DAĞTEKIN Şeyhmus

Kurde de Turquie

De la bête et de la nuit (Le Castor Astral, 2021)

© E. Tatlipinar

Poète et romancier, il a grandi à Harun, village kurde au sud-est de la Turquie, et vit aujourd’hui en France. Auteur prolifique, publié dans de nombreuses revues, il écrit en turc, en kurde et en français. Célébré pour ses recueils de poèmes, il a notamment reçu le Prix international de poésie francophone Yvan-Goll en 2000, le Prix de l’Académie française Théophile Gautier en 2008, tandis que son premier roman paru en 2004 a reçu la mention spéciale du Prix des cinq continents de la francophonie. En 2021, il a publié son dixième recueil aux éditions Le Castor astral, dans lequel le poète tisse des liens entre les langues qui sont les siennes, mais aussi entre l’homme, l’animal et le végétal ; une transversalité qui lui est chère, vue comme essentielle à nos vies.

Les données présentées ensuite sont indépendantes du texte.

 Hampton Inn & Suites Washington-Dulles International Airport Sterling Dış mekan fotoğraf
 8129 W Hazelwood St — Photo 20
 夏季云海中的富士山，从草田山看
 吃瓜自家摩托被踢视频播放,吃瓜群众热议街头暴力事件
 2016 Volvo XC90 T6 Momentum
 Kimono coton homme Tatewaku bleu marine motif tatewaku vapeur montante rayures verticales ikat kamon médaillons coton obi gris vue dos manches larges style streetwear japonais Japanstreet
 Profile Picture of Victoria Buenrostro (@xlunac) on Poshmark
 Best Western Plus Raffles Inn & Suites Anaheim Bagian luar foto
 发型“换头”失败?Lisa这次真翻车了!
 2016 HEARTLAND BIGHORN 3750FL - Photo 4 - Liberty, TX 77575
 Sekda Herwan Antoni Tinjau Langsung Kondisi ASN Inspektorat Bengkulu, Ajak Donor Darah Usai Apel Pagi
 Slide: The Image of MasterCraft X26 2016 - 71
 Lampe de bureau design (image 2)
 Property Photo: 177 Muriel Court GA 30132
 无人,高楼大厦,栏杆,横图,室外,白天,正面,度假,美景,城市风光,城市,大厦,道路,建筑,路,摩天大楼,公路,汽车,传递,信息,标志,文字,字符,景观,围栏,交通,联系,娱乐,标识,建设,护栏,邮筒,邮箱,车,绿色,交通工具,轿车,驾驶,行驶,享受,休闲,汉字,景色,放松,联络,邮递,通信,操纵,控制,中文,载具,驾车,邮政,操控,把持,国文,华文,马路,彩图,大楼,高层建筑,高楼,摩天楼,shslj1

Şeyhmus Dağtekin, poète et romancier est né et élevé à Harun, village kurde au sud-est de la Turquie. Il a grandi dans une bourgade de montagne au mode de vie quasi autarcique, sans voiture, ni télévision, ni radio.
Les hommes de son village vivaient, pour beaucoup, de contrebande. Au village, l’écrit n’existe pas, sauf sur les emballages d’aliments ou sur les paquets de cigarettes arrivés en contrebande des pays arabes voisins. Le kurde, unique langue des villageois, est interdit par l’État turc.
Pendant la petite enfance de l’auteur, seuls deux hommes, dont son père, parlent le turc et lisent l’alphabet latin. Dans les années 1970, L’État turc construit une école et nomme un instituteur, l’auteur appartiendra à la première génération scolarisée du village.
Puis ce fût l’université à Ankara et les études de journalisme et d’audiovisuel.
En 1974, l’un des frères de l’auteur part travailler en France comme ouvrier dans l’industrie lorraine. En 1987, Şeyhmus Dağtekin le rejoint pour compléter ses études universitaires. Il « naît alors au français ». Après Nancy suivent des études de cinéma à Paris.
Quatre ans à peine après son arrivée en France, il commence à écrire en français et choisit la poésie et son exigence d’appropriation de la langue. Puis, en 2004, Şeyhmus Dağtekin publie chez Robert Laffont son premier roman, À la source, la nuit, dans lequel il nous offre un voyage poétique aux sources des émotions de son enfance. Un texte qu’il définit comme le roman d’un monde d’avant le livre.
Mais Şeyhmus Dağtekin est avant tout poète, ses textes ont été publiés en revues et dans les anthologies Poèmes à dire la francophonie (Le Castor astral, 2002) et Une salve d’avenir (Gallimard, 2004). Il a publié plusieurs recueils au Castor Astral. Il participe régulièrement à des lectures et rencontres en France et à l’étranger. Ses lectures publiques, spectaculaires, lui valent une réputation croissante. Aujourd’hui, l’écrivain est ancré dans la vie littéraire française.
Il n’est plus retourné en Turquie depuis 1992, où il reste en délicatesse avec les autorités. Şeyhmus Dağtekin aime à rappeler qu’il n’a pas de drapeau qu’il soit turque, kurde ou français.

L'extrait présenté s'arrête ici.